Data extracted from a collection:
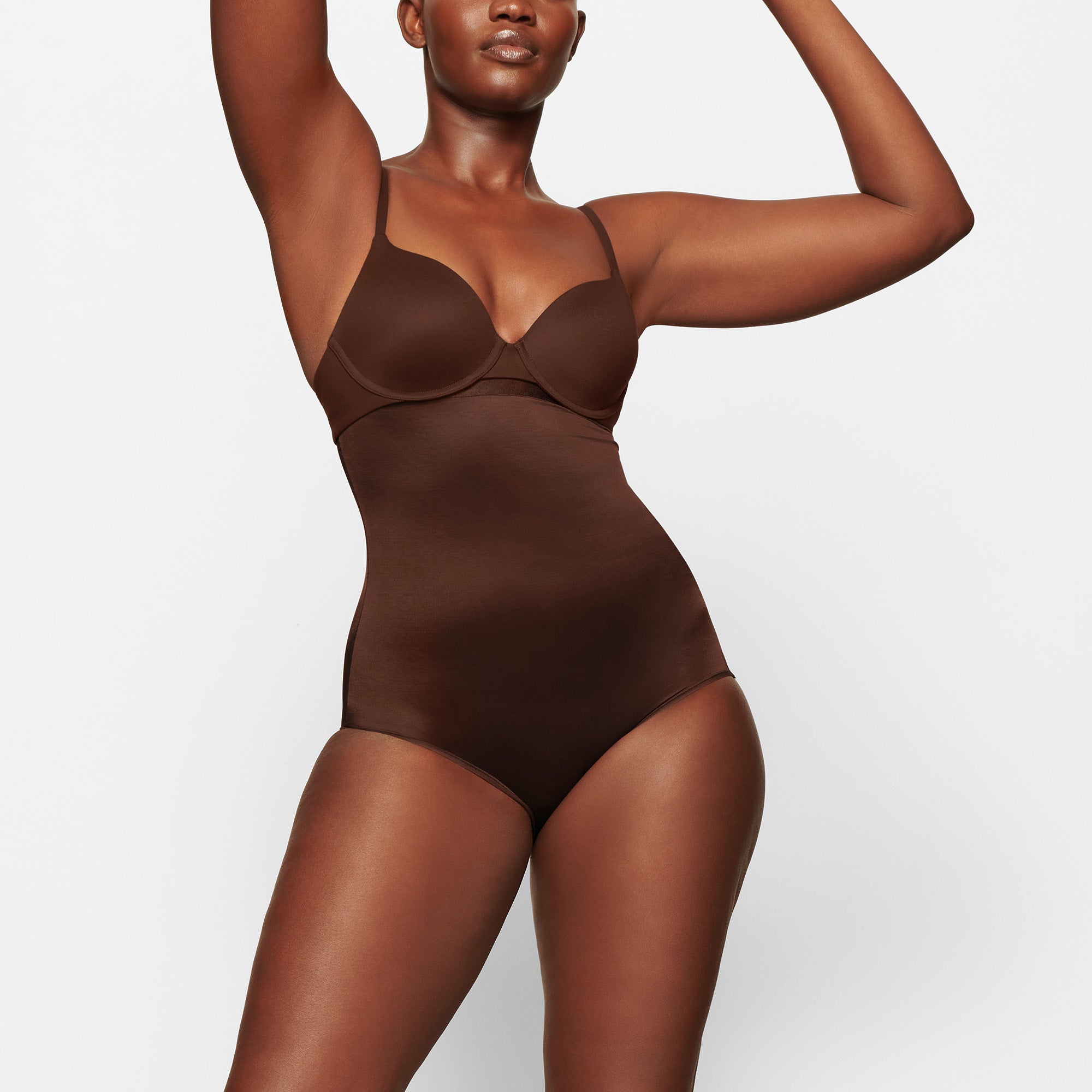 BARELY THERE HIGH WAIST BRIEF WORN BY A MODEL IN FRONT VIEW | SEE: M, L, XL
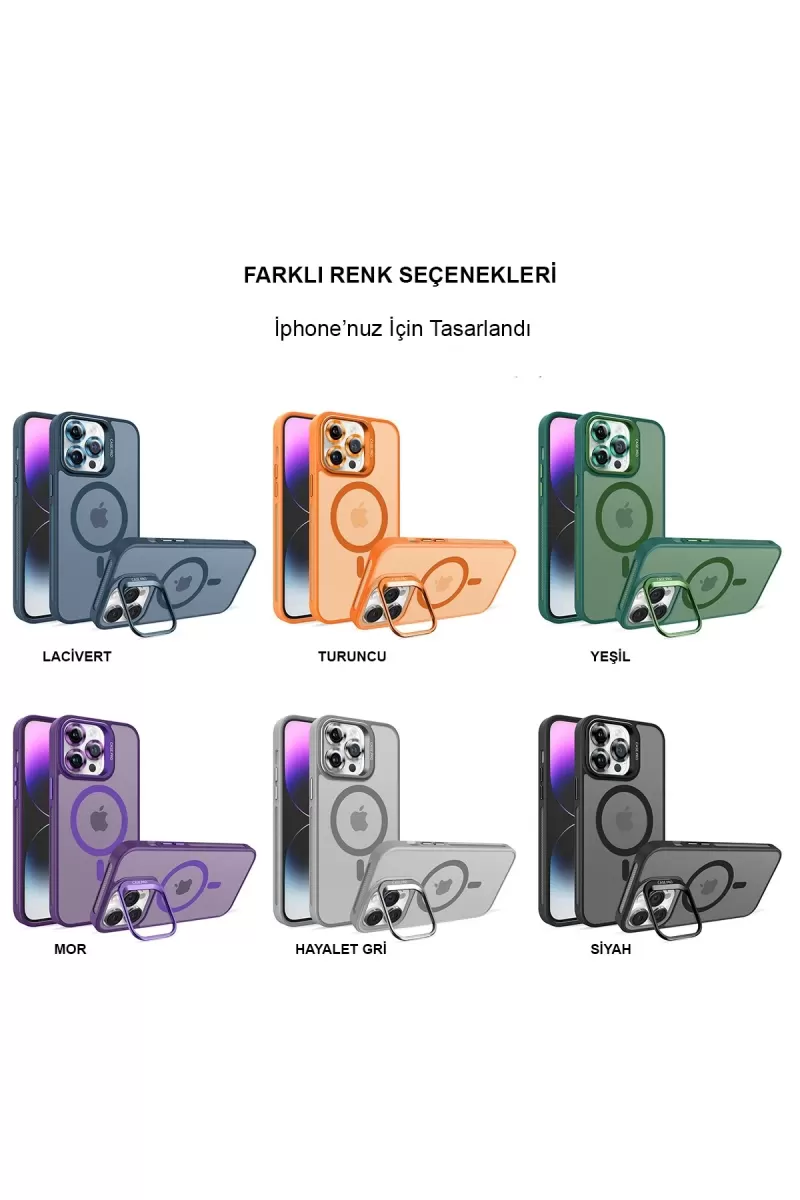 Joko Apple iPhone 14 Pro Kılıf Flet Lens Magsafe Kapak - Turuncu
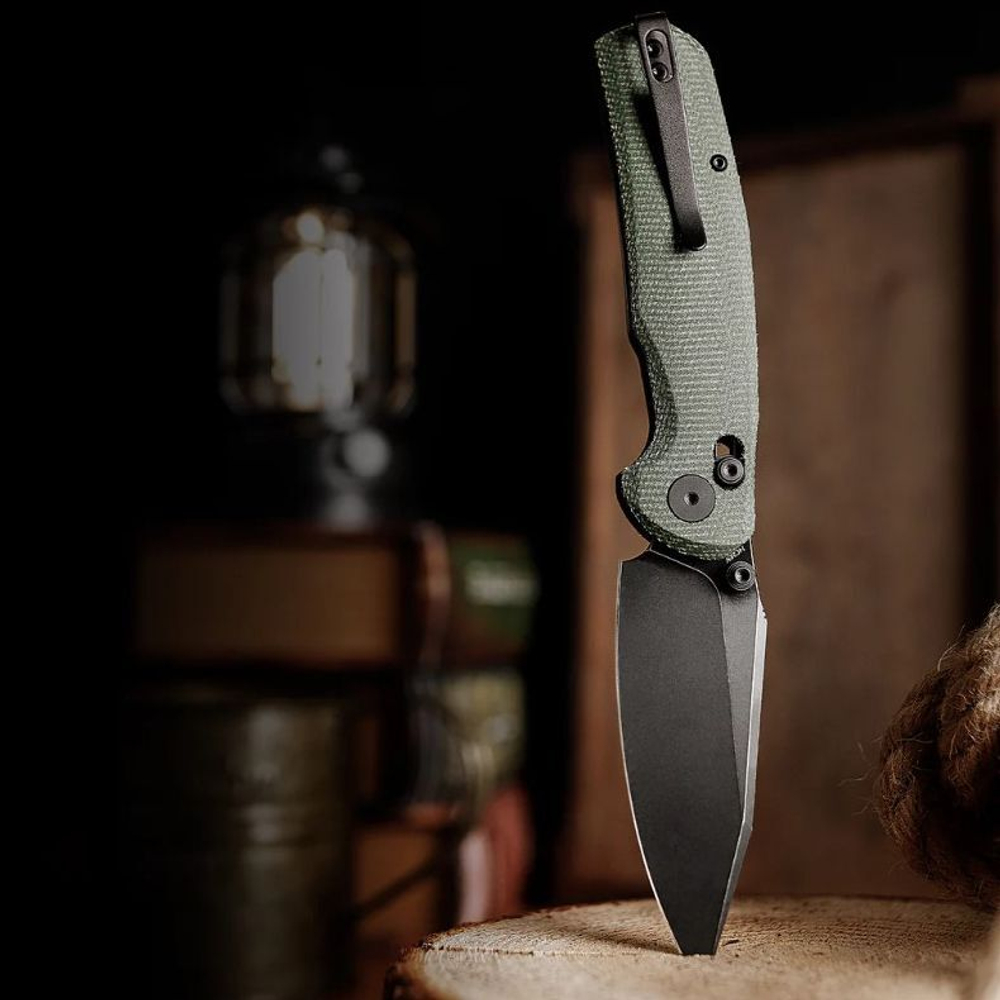 Складной туристический нож TRIVISA Hornet-04G клинок 14C28N рукоять micarta (черный-зеленый)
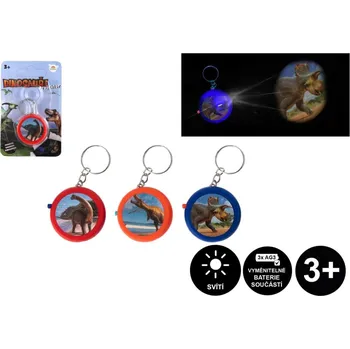 Přívěsek projektor dinosaurus plast 4cm na baterie se světlem 5 druhů na kartě 7x11cm - mix variant či barev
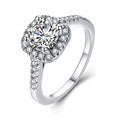 925 Sterling Silver Cushion Cut Halo CZ Solitaire Ring 2.45 Cttw Sterling Silver Ring Nixie 7 WHITE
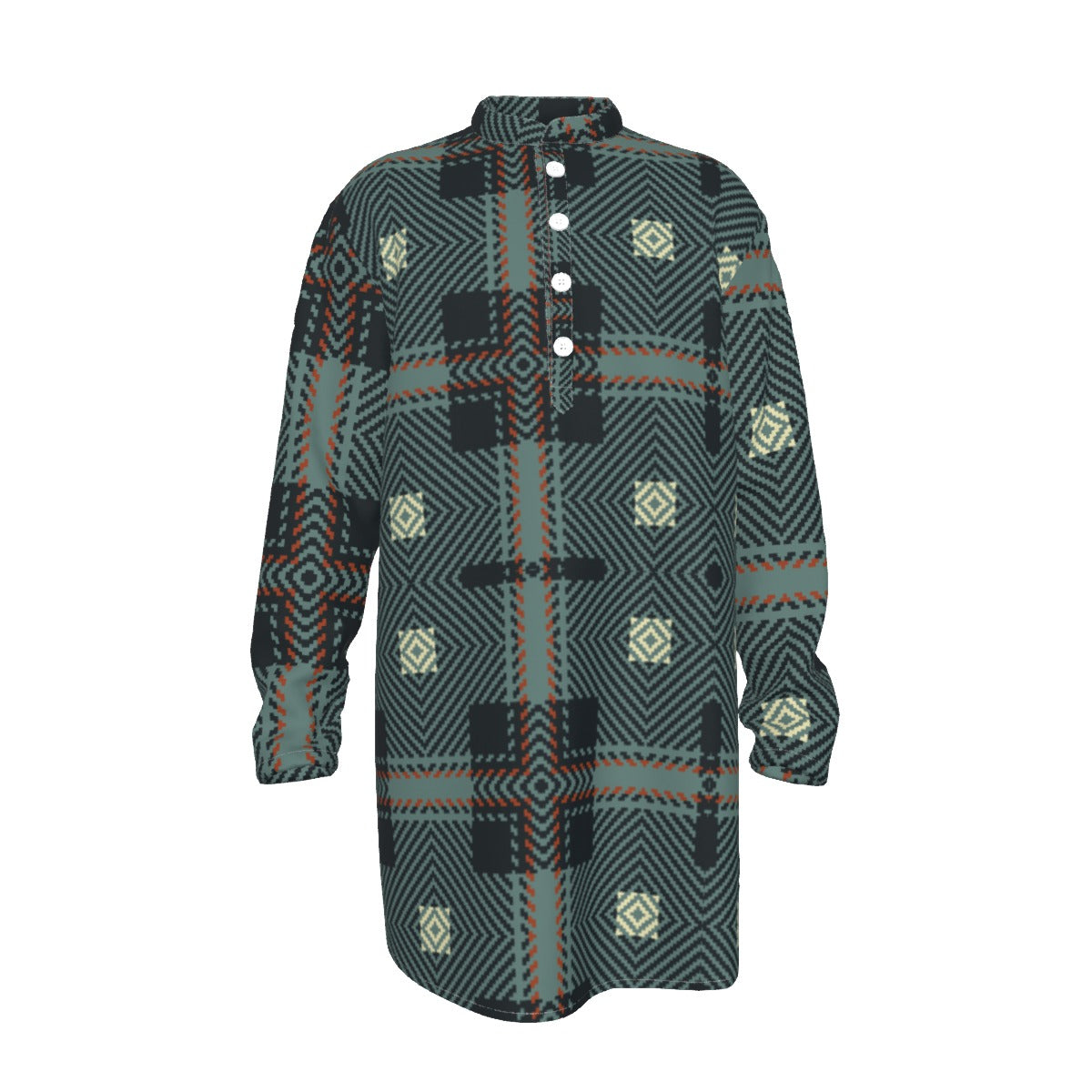 Kurta: All-Over Print Men's Stand-up Collar Long Shirt - Shopzeedeey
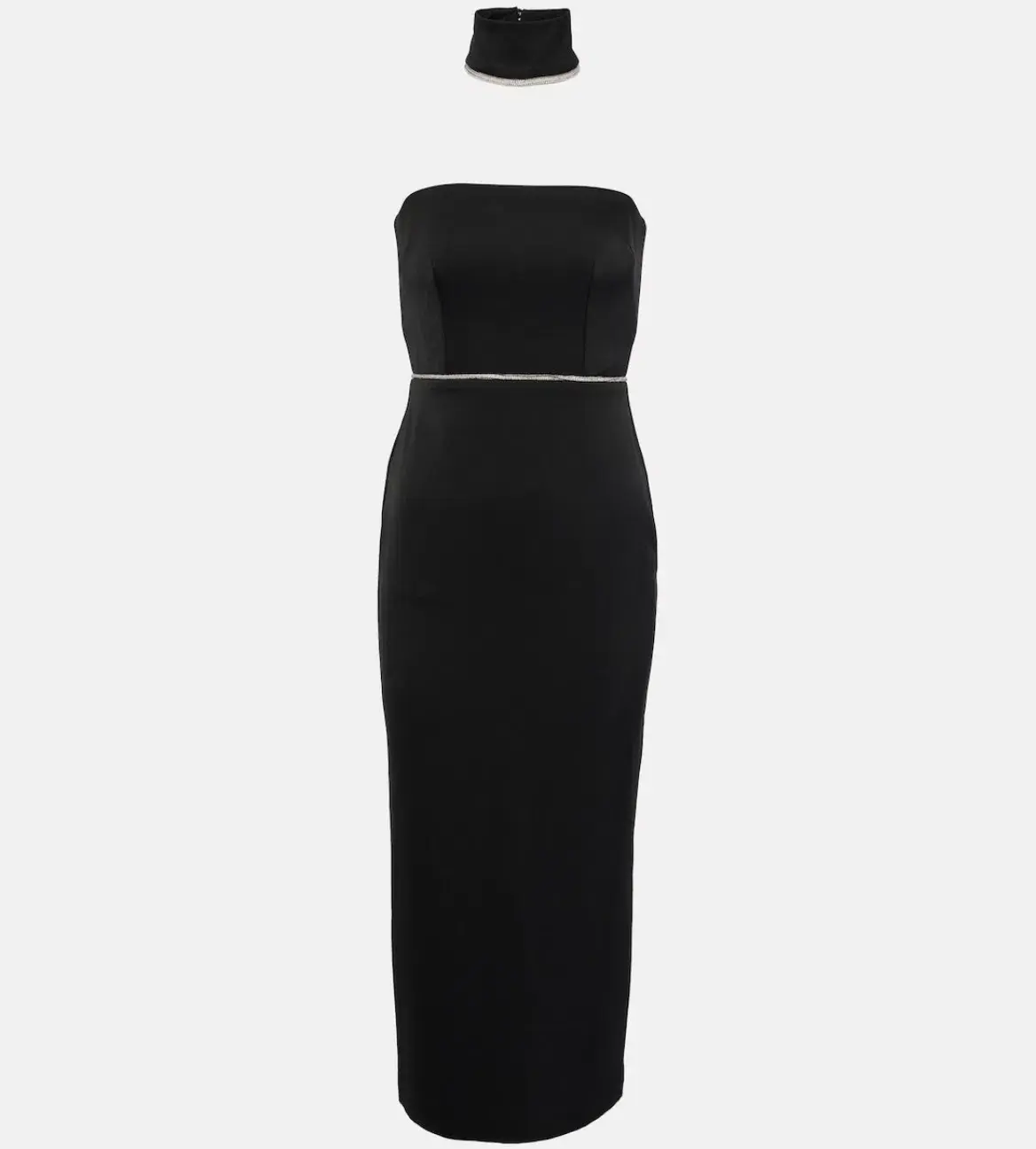 Alex Perry Crystal-embellished Satin Midi Dress Black Size 8 - Image 5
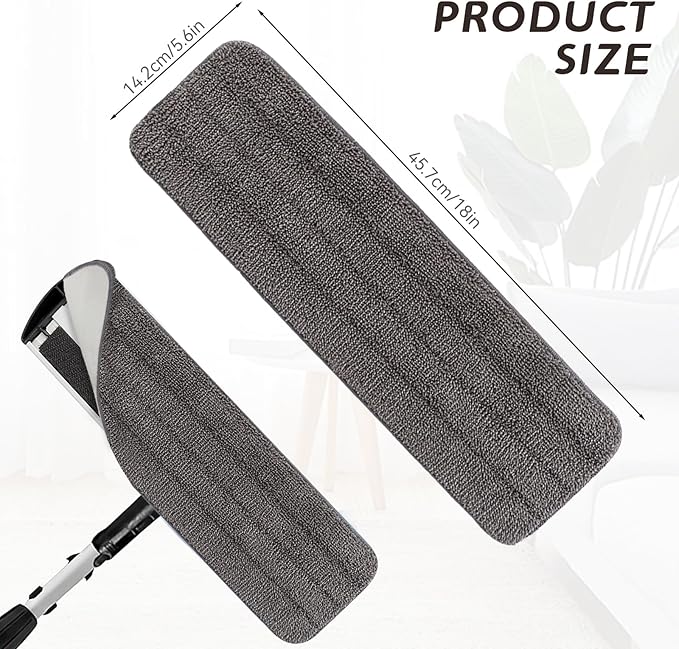 Replacement Mop Pads Fit for Rubbermaid Commercial 18" and 17" Mops - 10 Pack Wet & Dry Commercial Cleaning Reusable Refills Fit for Any Microfiber Flat Mop System 18" and 17" - Gray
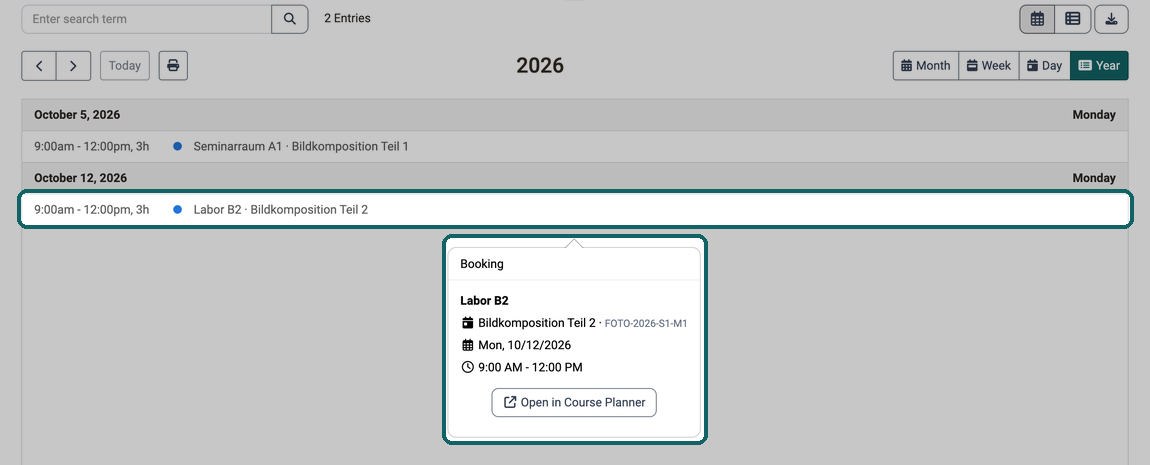 Year view in the calendar of Room management · 2026.09.30 The Booking window shows the room, the event with its reference, the date and the time of the clicked booking, plus the Open in Course Planner action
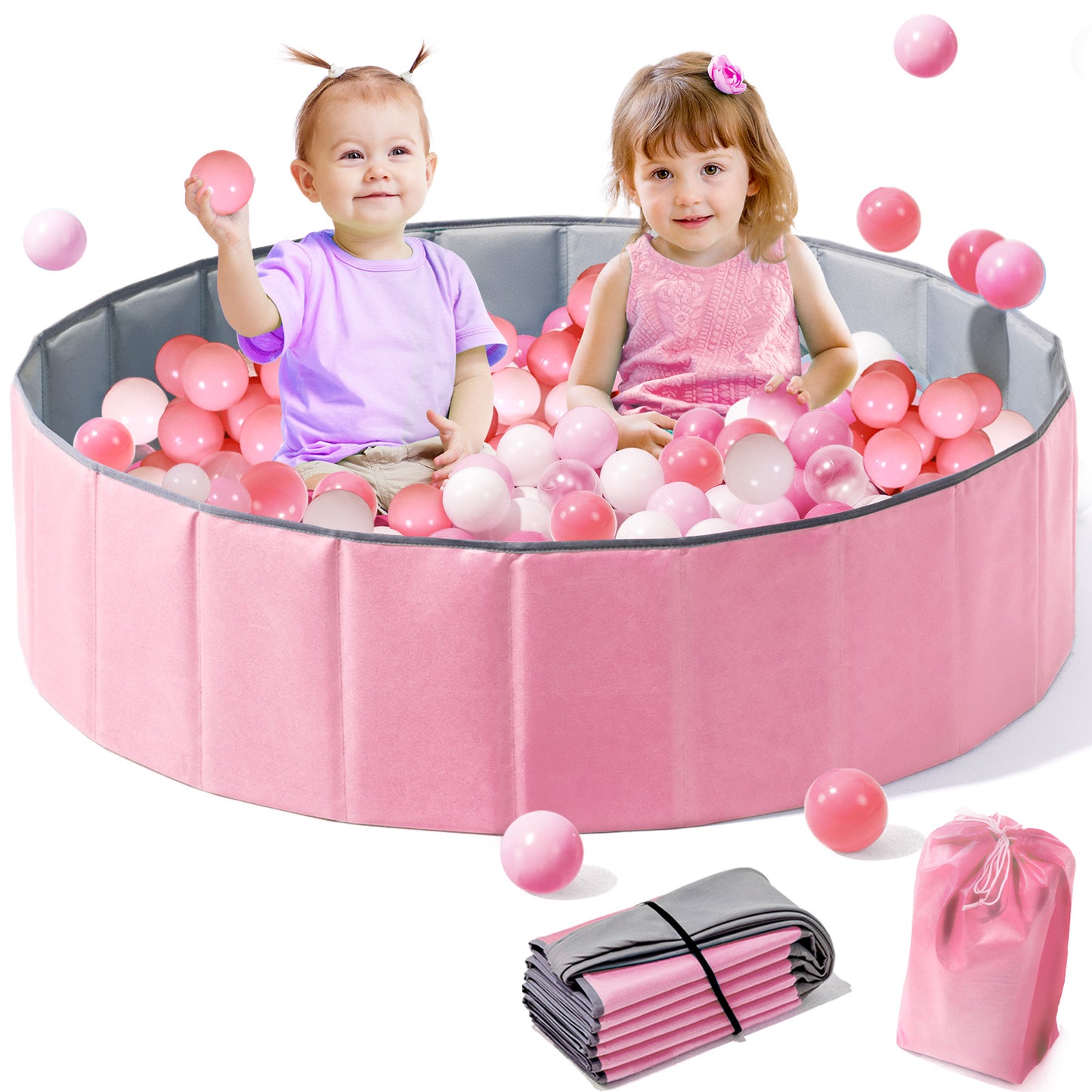 Baby Ball Pit Foldable, 31.5 Inch Ball Pits for Toddlers Round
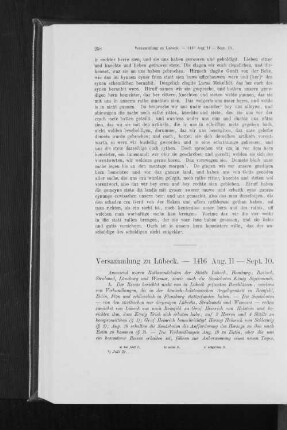 Versammlung zu Lübeck. - 1416 Aug. 11 - Sept. 10.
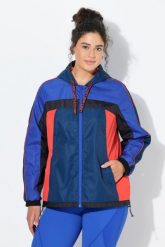 Damskie Kurtka outdoorowa z kapturem hydrofobowa ściągana sznurkiem na dole. Niebieskie kurtki Ulla Popken, plus size, bez wzorów, z materiału, z kapturem. Za 343.99 zł.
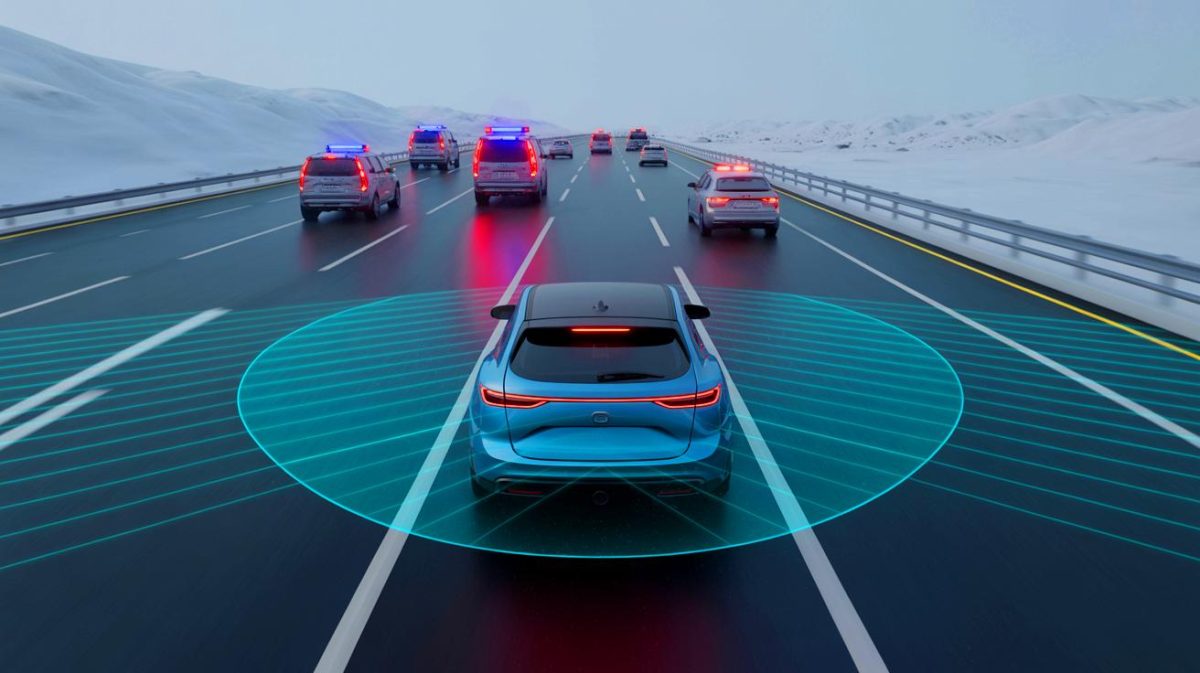 Illustration of a vehicle equipped with acoustic sensors capable of detecting sounds beyond visual range.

Task: Give back, exactly and without pictures, the stretch of the records above from the line containing "Přívěsek projektor dinosaurus" through the line containing "Replacement Mop Pads", with both end lines included.

Response for this exercise:
 Přívěsek projektor dinosaurus plast 4cm na baterie se světlem 5 druhů na kartě 7x11cm - mix variant či barev
 925 Sterling Silver Cushion Cut Halo CZ Solitaire Ring 2.45 Cttw Sterling Silver Ring Nixie 7 WHITE
 Kurta: All-Over Print Men's Stand-up Collar Long Shirt - Shopzeedeey
 Alex Perry Crystal-embellished Satin Midi Dress Black Size 8 - Image 5
 Replacement Mop Pads Fit for Rubbermaid Commercial 18" and 17" Mops - 10 Pack Wet & Dry Commercial Cleaning Reusable Refills Fit for Any Microfiber Flat Mop System 18" and 17" - Gray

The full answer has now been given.